* Exercise directions *
In this exercise, every entry below is to be reproduced word for word.

Record set below:

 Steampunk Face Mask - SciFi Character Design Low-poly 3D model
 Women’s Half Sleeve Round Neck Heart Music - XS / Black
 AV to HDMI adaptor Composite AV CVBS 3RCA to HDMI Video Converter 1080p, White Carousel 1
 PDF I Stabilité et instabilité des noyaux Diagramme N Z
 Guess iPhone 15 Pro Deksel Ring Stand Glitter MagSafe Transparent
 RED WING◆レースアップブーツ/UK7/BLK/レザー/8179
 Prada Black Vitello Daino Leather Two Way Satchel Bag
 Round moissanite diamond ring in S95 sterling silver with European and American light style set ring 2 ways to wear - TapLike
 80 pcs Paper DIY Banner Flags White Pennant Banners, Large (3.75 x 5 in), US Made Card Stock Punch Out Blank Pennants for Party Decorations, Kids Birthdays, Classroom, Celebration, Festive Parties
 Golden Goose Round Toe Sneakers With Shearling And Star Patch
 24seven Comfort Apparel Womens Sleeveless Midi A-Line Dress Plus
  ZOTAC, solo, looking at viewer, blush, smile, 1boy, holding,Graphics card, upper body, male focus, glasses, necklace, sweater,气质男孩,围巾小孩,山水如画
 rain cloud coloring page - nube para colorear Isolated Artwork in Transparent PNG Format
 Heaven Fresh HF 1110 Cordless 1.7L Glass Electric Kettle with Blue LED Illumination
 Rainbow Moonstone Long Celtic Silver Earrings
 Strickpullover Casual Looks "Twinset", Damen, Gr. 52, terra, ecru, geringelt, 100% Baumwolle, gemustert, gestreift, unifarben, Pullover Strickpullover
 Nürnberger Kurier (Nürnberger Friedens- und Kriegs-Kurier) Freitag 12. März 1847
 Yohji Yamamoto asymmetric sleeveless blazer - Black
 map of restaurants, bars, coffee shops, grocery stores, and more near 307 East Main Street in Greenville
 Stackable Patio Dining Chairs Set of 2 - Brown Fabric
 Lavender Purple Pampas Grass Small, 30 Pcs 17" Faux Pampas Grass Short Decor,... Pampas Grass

End of Record set.

* Written solution *
 Steampunk Face Mask - SciFi Character Design Low-poly 3D model
 Women’s Half Sleeve Round Neck Heart Music - XS / Black
 AV to HDMI adaptor Composite AV CVBS 3RCA to HDMI Video Converter 1080p, White Carousel 1
 PDF I Stabilité et instabilité des noyaux Diagramme N Z
 Guess iPhone 15 Pro Deksel Ring Stand Glitter MagSafe Transparent
 RED WING◆レースアップブーツ/UK7/BLK/レザー/8179
 Prada Black Vitello Daino Leather Two Way Satchel Bag
 Round moissanite diamond ring in S95 sterling silver with European and American light style set ring 2 ways to wear - TapLike
 80 pcs Paper DIY Banner Flags White Pennant Banners, Large (3.75 x 5 in), US Made Card Stock Punch Out Blank Pennants for Party Decorations, Kids Birthdays, Classroom, Celebration, Festive Parties
 Golden Goose Round Toe Sneakers With Shearling And Star Patch
 24seven Comfort Apparel Womens Sleeveless Midi A-Line Dress Plus
  ZOTAC, solo, looking at viewer, blush, smile, 1boy, holding,Graphics card, upper body, male focus, glasses, necklace, sweater,气质男孩,围巾小孩,山水如画
 rain cloud coloring page - nube para colorear Isolated Artwork in Transparent PNG Format
 Heaven Fresh HF 1110 Cordless 1.7L Glass Electric Kettle with Blue LED Illumination
 Rainbow Moonstone Long Celtic Silver Earrings
 Strickpullover Casual Looks "Twinset", Damen, Gr. 52, terra, ecru, geringelt, 100% Baumwolle, gemustert, gestreift, unifarben, Pullover Strickpullover
 Nürnberger Kurier (Nürnberger Friedens- und Kriegs-Kurier) Freitag 12. März 1847
 Yohji Yamamoto asymmetric sleeveless blazer - Black
 map of restaurants, bars, coffee shops, grocery stores, and more near 307 East Main Street in Greenville
 Stackable Patio Dining Chairs Set of 2 - Brown Fabric
 Lavender Purple Pampas Grass Small, 30 Pcs 17" Faux Pampas Grass Short Decor,... Pampas Grass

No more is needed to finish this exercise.